Task material:

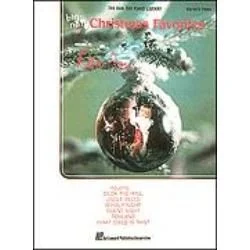 HAL LEONARD CHRISTMAS Favorites - Dan Fox - Big Note Songbook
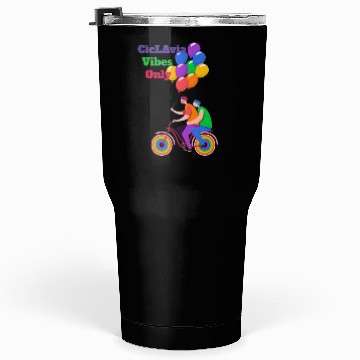 Discover Los Angeles Open Streets Cycling Tumblers 30 Oz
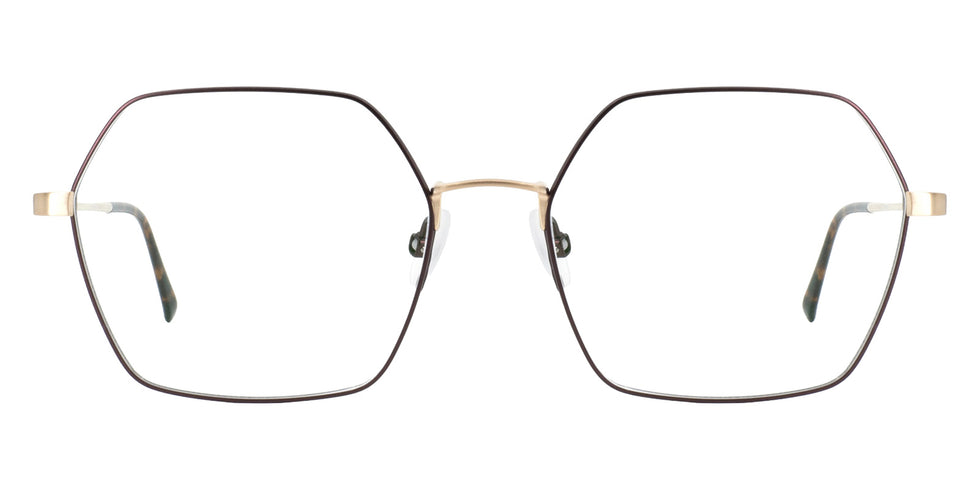 Götti® ASLA GOT ASLA GLB-PUB 54 - Gold brushed - purple Eyeglasses
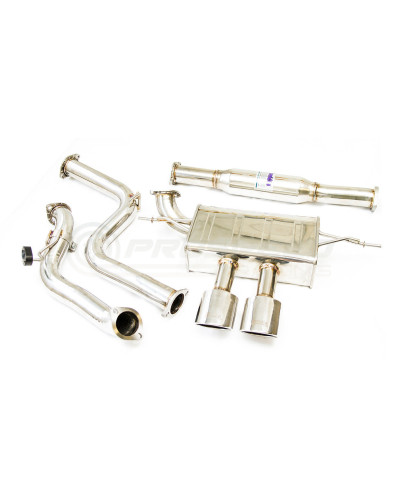 Invidia Q300 Cat Back Exhaust Ford Focus ST LW/LZ 11-18 : KYP PERFORMANCE HOUSE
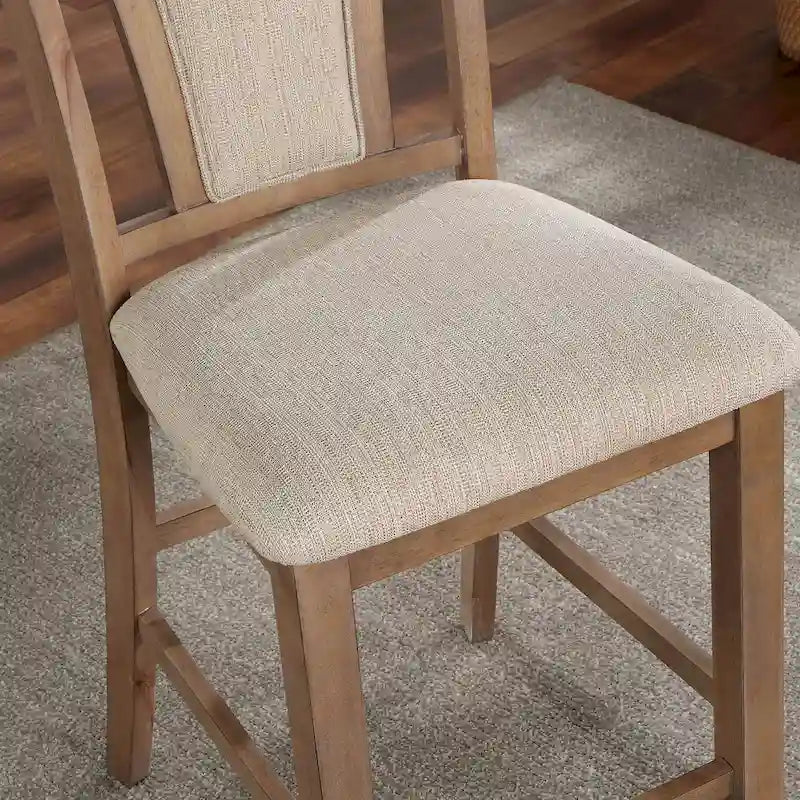 Furniture of America Dionne 7-piece Storage Dining Table Set
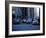 Main Hailing Taxi in Downtown Manhattan, New York, New York State, USA-Yadid Levy-Framed Photographic Print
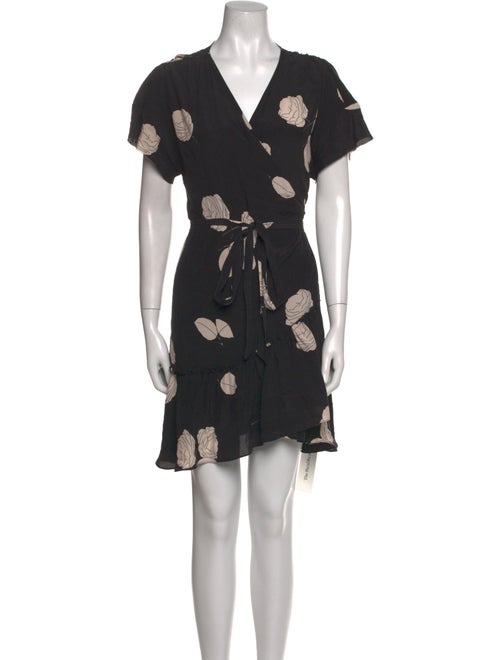 AllSaints Silk Mini Dress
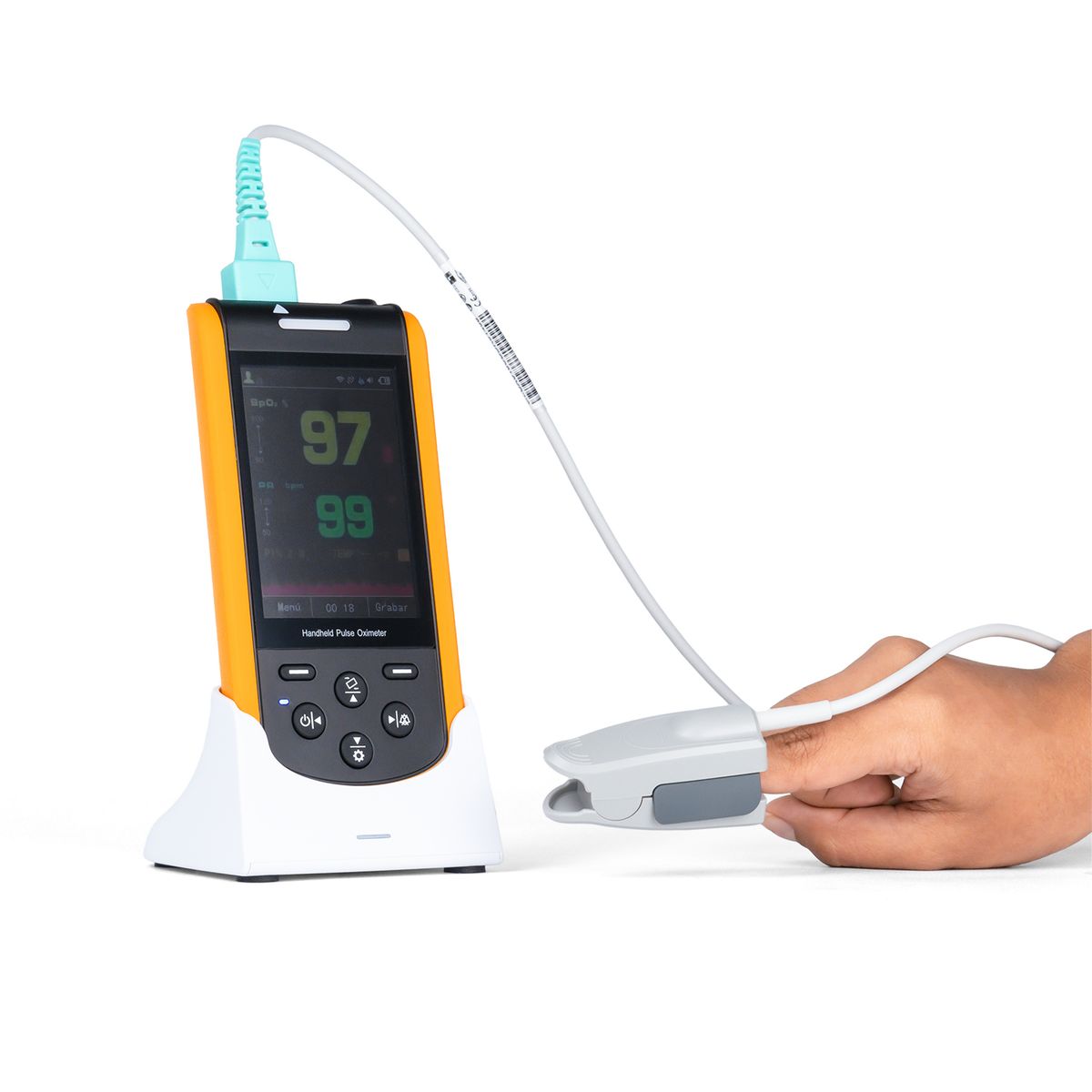 CREATIVE - Oxímetro de Pulso Clínico de Mesa CREATIVE SP20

Work instructions:
Give back every record above word for word, dropping pictures.

Worked solution:
 HAL LEONARD CHRISTMAS Favorites - Dan Fox - Big Note Songbook
 Discover Los Angeles Open Streets Cycling Tumblers 30 Oz
 Götti® ASLA GOT ASLA GLB-PUB 54 - Gold brushed - purple Eyeglasses
 Invidia Q300 Cat Back Exhaust Ford Focus ST LW/LZ 11-18 : KYP PERFORMANCE HOUSE
 Furniture of America Dionne 7-piece Storage Dining Table Set
 Main Hailing Taxi in Downtown Manhattan, New York, New York State, USA-Yadid Levy-Framed Photographic Print
 AllSaints Silk Mini Dress
 CREATIVE - Oxímetro de Pulso Clínico de Mesa CREATIVE SP20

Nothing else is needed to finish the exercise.